Nous nous préparons donc, comme de sages élèves qui auraient bien fait leurs devoirs pour la composition finale : aller au cinéma régulièrement tout au long de l'année, remplir un dossier en février avec une lettre de motivation afin de justifier le privilège d'un badge cinéphile, respecter les consignes de Cannes Cinéma, assister à la présentation, passer des heures sur son téléphone afin de tenter de trouver des places disponibles dans les quotas diminués des cinéphiles, trop âgés et sans intérêts pour les pontes du Festival !
Mais quand la lumière s'éteindra et que le cadre noir de l'écran s'illuminera, toujours cet incroyable sentiment de pénétrer dans une cité interdite où tout devient possible !
17 films en 4 jours, une moyenne raisonnable compte tenu de la présence en mon home d'une horde de cinéphiles venant de Corse, de Bresse et de Paris (sans badges, eux qui depuis plus de 10 ans débarquent sanglés de leur sésame mais que les contraintes actuelles condamnent à voler des places en catimini !).
Mais le nombre de films ne fait pas la qualité et du 15ème au dernier de ce matin, la sortie précipité après 30 minutes de projection, pour les 3 films... un chinois incongru de femmes qui chantent pendant une demi heure sans que ne se dessine la moindre esquisse d'un scénariste au travail, Rumours avec une pléiade d'acteurs (Kate Blanchet, Ménochet...) singeant un G7 improbable et qui ne cultive que l'ennui et le désir de vrais morts-vivants, et enfin Les reines du drame où des trans exacerbées se pelotent sans retenue et sans aucun espoir d'attirer notre attention !
Bon, mais heureusement, il y a aussi de bons films, de ceux qui touchent et nous donnent la certitude qu'une équipe s'est soudée afin de transmettre un message, une humeur, un désir de faire et de partage.

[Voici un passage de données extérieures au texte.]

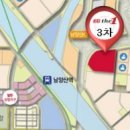 남양산인도교 이미지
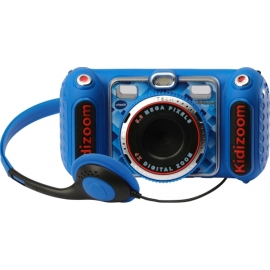 Vtech 80-520004 Kidizoom Duo DX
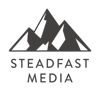 Steadfast Media Logo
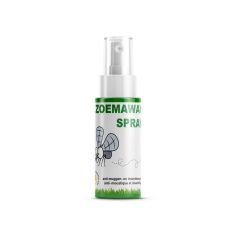 SORIA ZOEMAWAY SPRAY 50ML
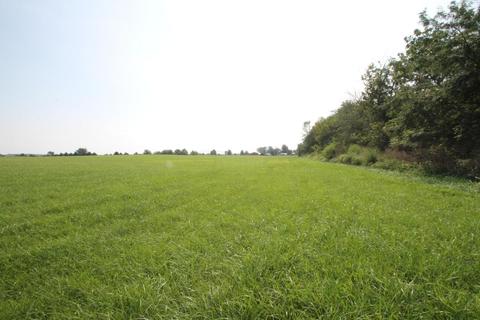 19669 State Route 104, Circleville, OH 43113 photo 60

C'est le cas avec Les Fantômes de Jonathan Millet, (Semaine de la Critique) une fiction qui plonge dans les horreurs de l'après guerre de Syrie. Un commando secret traque les tortionnaires qui ont tué et violé au nom de la loi de Bachar... Une quête douloureuse, complexe et dangereuse qui nous attire dans sa toile et ne laisse pas indifférent. C'est aussi avec La femme à l'aiguille, (en compétition), le destin tragique d'une femme qui se retrouve complice dans un traffic d'enfants, un film saisissant et prenant qui pose le problème de ces naissances non désirées et débouche sur l'horreur du sacrifice. À voir absolument !
Vingt dieux, (Un certain regard) un premier film de Louise Courvoisier est une ode à l'amitié et à l'amour. Totone se retrouve en charge de sa petite soeur de 7 ans et décide de créer son propre fromage, un comté de qualité grâce à des expédients (vol de lait, recettes à dénicher et une bande de copains soudés autour de son projet fou. Film fort et fascinant sur la vie dans un village, l'espoir et le désespoir, l'amour et la lutte pour survivre. Nul doute que la caméra d'or ne sera pas loin de cette oeuvre sans complaisance aux relents de la vie de ses campagnes sans espoirs.
La mer au loin (semaine de la critique), de Saïd Hamich Benlarbi est une ode à l'espoir. Des clandestins sans papiers vivent à Marseille et un marocain va rencontrer l'amour auprès d'une Anna Mouglalis, sublime. Un retour au Maroc pour solder sa rencontre va dérégler son amour mais le film se terminera sur le bonheur d'accepter de n'être ni Marocain, ni Français, mais simplement un homme qui s'accepte et décide de prendre sa vie en main auprès de celle qu'il aime, sans frontières désormais !
La prisonnière de Bordeaux de Patricia Mazuy (Quinzaine des cinéastes) réunit Isabelle Huppert et Hafsia Herzi dans une ode à l'amitié, à la volonté de s'émanciper de deux femmes qui croisent leur chemin dans le hall d'une prison où elles viennent visiter leur conjoint respectif. Un film élégant, intelligent et qui offre deux facettes de la vie de femmes qui tentent de trouver un sens au séisme déclenché par des hommes de pouvoir qui les laissent seules pour trouver une solution à leur destin tragique !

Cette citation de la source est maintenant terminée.